In an interview April 5 here at the Space Foundation’s 22nd annual National Space Symposium, Luo Ge, vice administrator of the China National Space Administration , said he has invited NASA Administrator Mike Griffin to visit China this autumn, possibly as early as September. Luo extended the invitation April 3 during an informal visit to NASA headquarters in Washington, where he met with Michael F. O’Brien, NASA associate administrator for external relations.
“When I return to Beijing I will draft an itinerary for his visit,” Luo said. He added that a visit by Griffin would be an important first step toward future space cooperation between the two countries.
Griffin told reporters at the symposium April 6 that he had learned about Luo’s invitation in an e-mail while traveling here to make his own keynote speech . “I am grateful for the invitation. … I hope it all works out great. … I have no thoughts on it beyond that,” he said.
Cooperation with China in space is a sensitive topic for U.S. government officials, many of whom are worried about technology transfer amid China’s growing military and economic power. Today, U.S.-China space cooperation is virtually nonexistent. Chinese space officials met with former NASA Administrator Sean O’Keefe in Washington in 2004 for informal discussions, but no agreements resulted from those meetings.
In his April 5 keynote speech at the symposium, Luo said China is open to international cooperation in all types of space activities, including human spaceflight. He stressed in the interview afterwards that China has its own independent systems now for sending astronauts to space, but still welcomes cooperative efforts.
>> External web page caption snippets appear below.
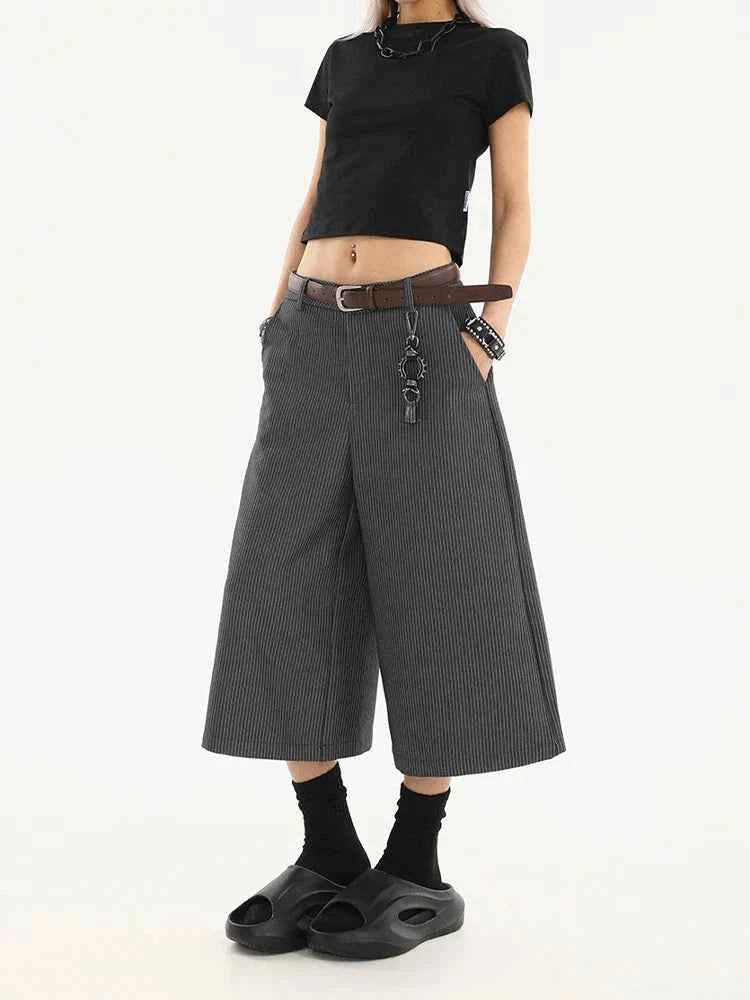 Striped Vintage High-Waisted Capri Jorts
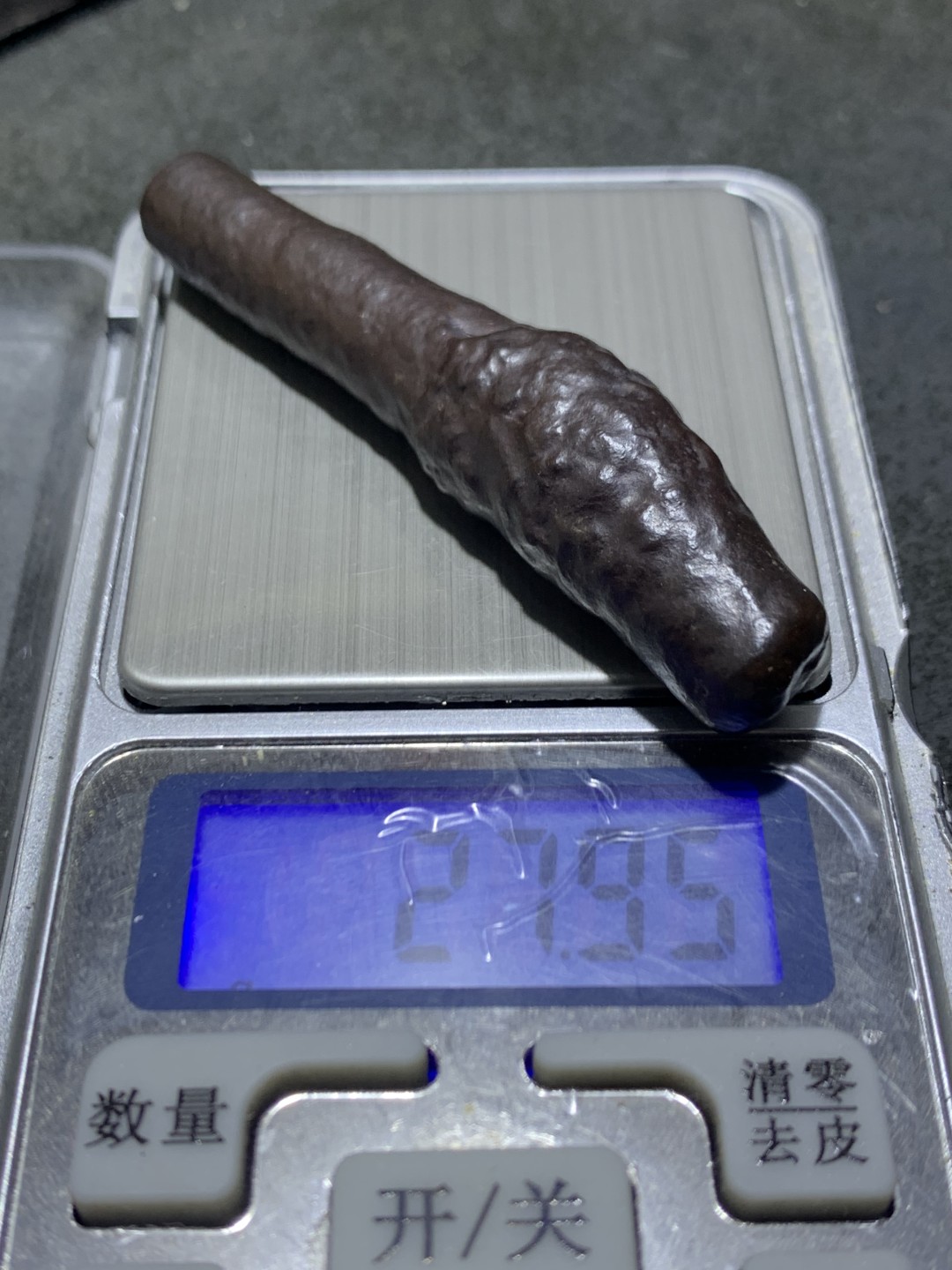 精美罕见戈壁管状黑金刚原石一块， 精美罕见戈壁管状黑金刚原石一块，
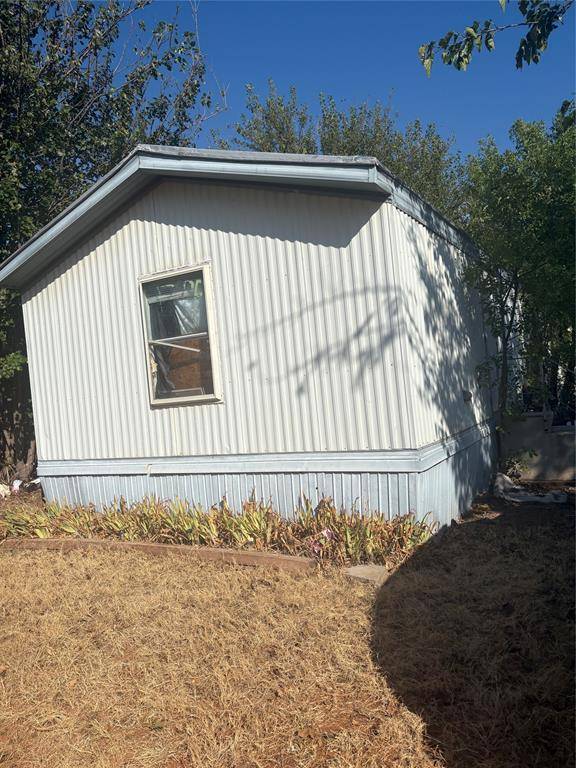 1026 Yucca Street, Burkburnett, TX 76354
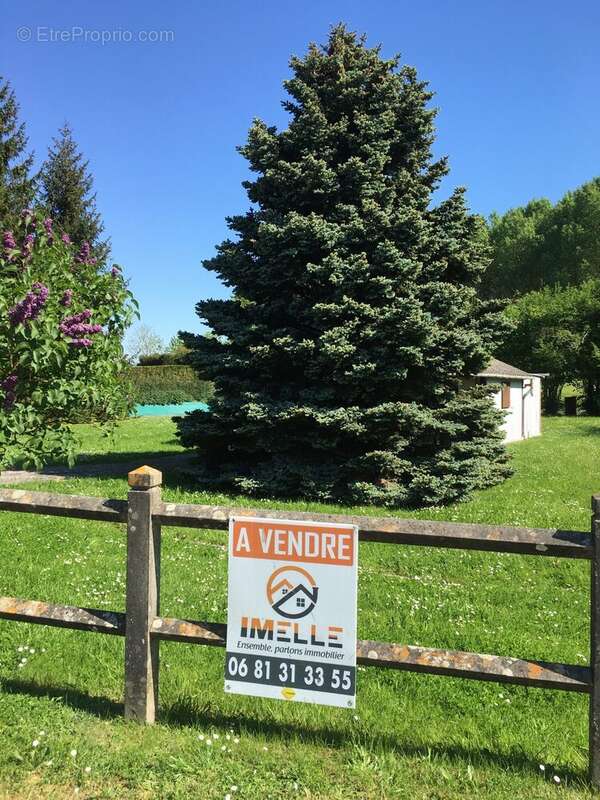 Terrain à SAINT-MAIXENT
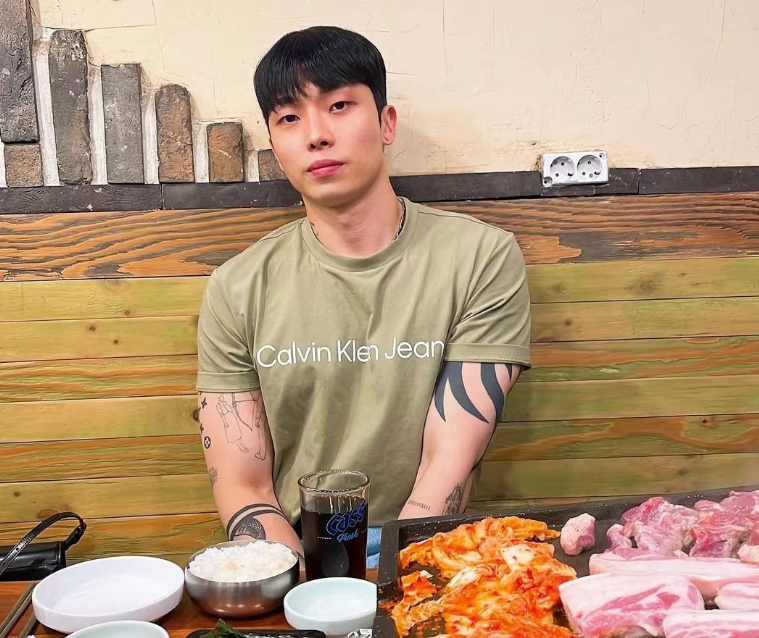 韩国出了档男男恋爱综艺,刺激啊……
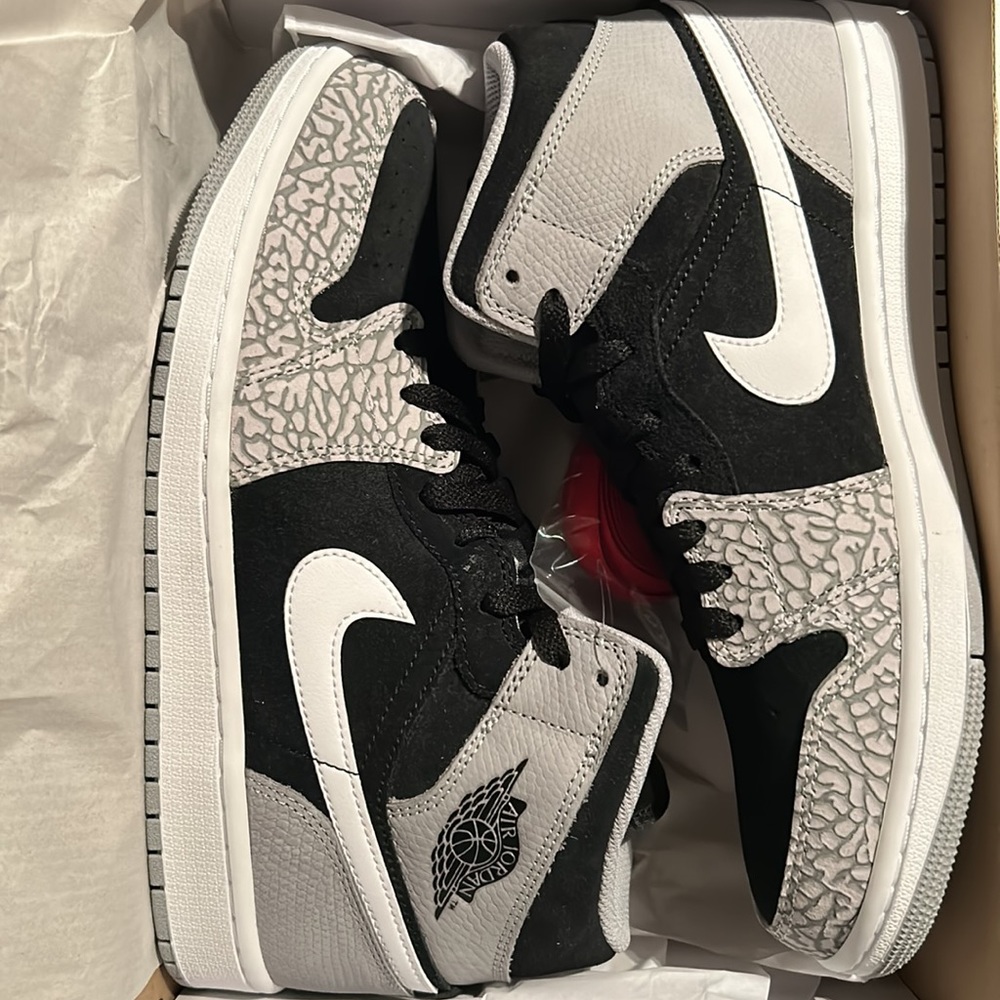 Men’s Jordan 1 Mid SE Black/Cement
Joan Johnson-Freese, a professor at the Naval War College and an expert on China’s space program, said Luo’s remarks likely were designed to put the United States on the defensive for its reluctance to cooperate with China in space activity.
U.S. Rep. Tom Feeney (R-Fla.), who was part of a congressional delegation that visited China in January to learn more about its space program, said the most immediate area of Sino-U.S. cooperation ought to be a joint docking device that would permit Chinese spacecraft to dock with NASA’s Crew Exploration Vehicle, the planned replacement for the space shuttle.
During his speech, Luo laid out China’s sweeping plan for launching a variety of Earth-orbiting satellites, expanding the country’s human spaceflight abilities and carrying out a multi-step program of lunar exploration.
“Generally speaking, in the coming five to eight years, we will be launching about 100 satellites,” Luo told a standing-room-only audience here.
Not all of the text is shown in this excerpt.